» WHAT TO PRODUCE: Your copy should match the listing below exactly, except that it holds no images.

» INPUT FOR THIS TASK:
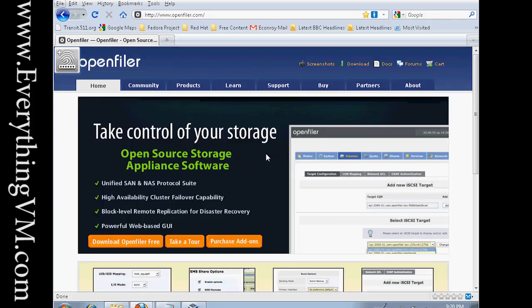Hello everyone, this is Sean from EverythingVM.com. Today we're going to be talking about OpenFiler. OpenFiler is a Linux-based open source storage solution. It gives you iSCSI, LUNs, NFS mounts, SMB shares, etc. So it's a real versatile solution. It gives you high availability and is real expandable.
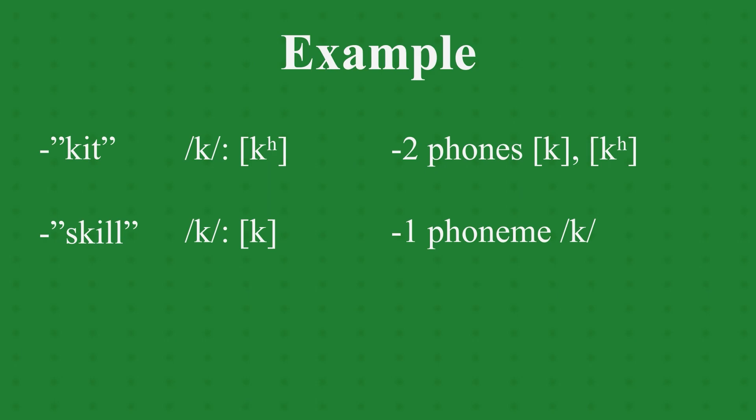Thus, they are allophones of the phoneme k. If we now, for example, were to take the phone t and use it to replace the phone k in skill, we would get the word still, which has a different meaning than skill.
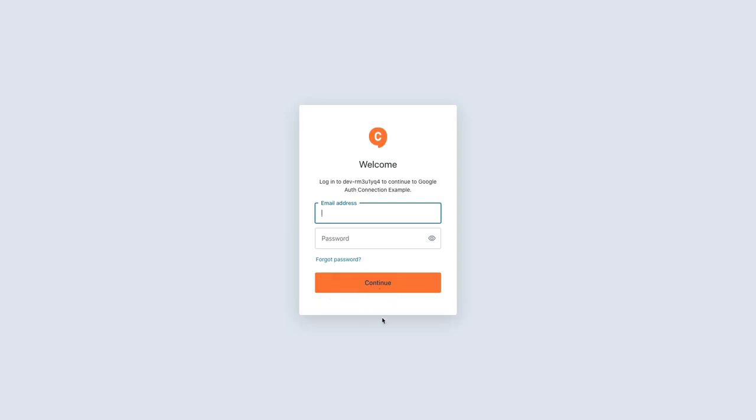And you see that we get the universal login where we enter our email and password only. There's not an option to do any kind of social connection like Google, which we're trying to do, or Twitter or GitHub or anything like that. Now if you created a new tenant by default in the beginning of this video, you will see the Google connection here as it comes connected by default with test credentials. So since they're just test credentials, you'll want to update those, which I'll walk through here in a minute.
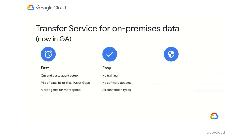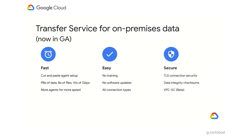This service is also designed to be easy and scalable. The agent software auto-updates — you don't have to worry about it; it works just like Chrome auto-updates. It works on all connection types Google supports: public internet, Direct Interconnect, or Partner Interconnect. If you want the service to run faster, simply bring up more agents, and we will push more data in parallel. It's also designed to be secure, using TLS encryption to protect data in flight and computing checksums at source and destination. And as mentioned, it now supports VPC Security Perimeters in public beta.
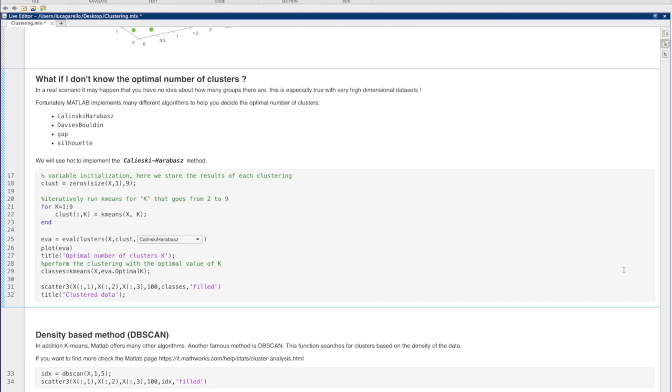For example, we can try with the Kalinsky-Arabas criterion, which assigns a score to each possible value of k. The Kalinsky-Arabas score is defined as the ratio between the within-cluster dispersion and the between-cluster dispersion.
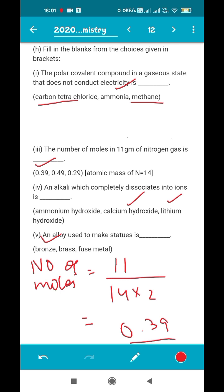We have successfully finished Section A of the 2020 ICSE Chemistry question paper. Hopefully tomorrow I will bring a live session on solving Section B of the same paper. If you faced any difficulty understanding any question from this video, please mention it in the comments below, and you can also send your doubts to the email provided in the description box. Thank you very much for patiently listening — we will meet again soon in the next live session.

» SOLUTION TO THIS PROBLEM:
Hello everyone, this is Sean from EverythingVM.com. Today we're going to be talking about OpenFiler. OpenFiler is a Linux-based open source storage solution. It gives you iSCSI, LUNs, NFS mounts, SMB shares, etc. So it's a real versatile solution. It gives you high availability and is real expandable.
Thus, they are allophones of the phoneme k. If we now, for example, were to take the phone t and use it to replace the phone k in skill, we would get the word still, which has a different meaning than skill.
And you see that we get the universal login where we enter our email and password only. There's not an option to do any kind of social connection like Google, which we're trying to do, or Twitter or GitHub or anything like that. Now if you created a new tenant by default in the beginning of this video, you will see the Google connection here as it comes connected by default with test credentials. So since they're just test credentials, you'll want to update those, which I'll walk through here in a minute.
This service is also designed to be easy and scalable. The agent software auto-updates — you don't have to worry about it; it works just like Chrome auto-updates. It works on all connection types Google supports: public internet, Direct Interconnect, or Partner Interconnect. If you want the service to run faster, simply bring up more agents, and we will push more data in parallel. It's also designed to be secure, using TLS encryption to protect data in flight and computing checksums at source and destination. And as mentioned, it now supports VPC Security Perimeters in public beta.
For example, we can try with the Kalinsky-Arabas criterion, which assigns a score to each possible value of k. The Kalinsky-Arabas score is defined as the ratio between the within-cluster dispersion and the between-cluster dispersion.
We have successfully finished Section A of the 2020 ICSE Chemistry question paper. Hopefully tomorrow I will bring a live session on solving Section B of the same paper. If you faced any difficulty understanding any question from this video, please mention it in the comments below, and you can also send your doubts to the email provided in the description box. Thank you very much for patiently listening — we will meet again soon in the next live session.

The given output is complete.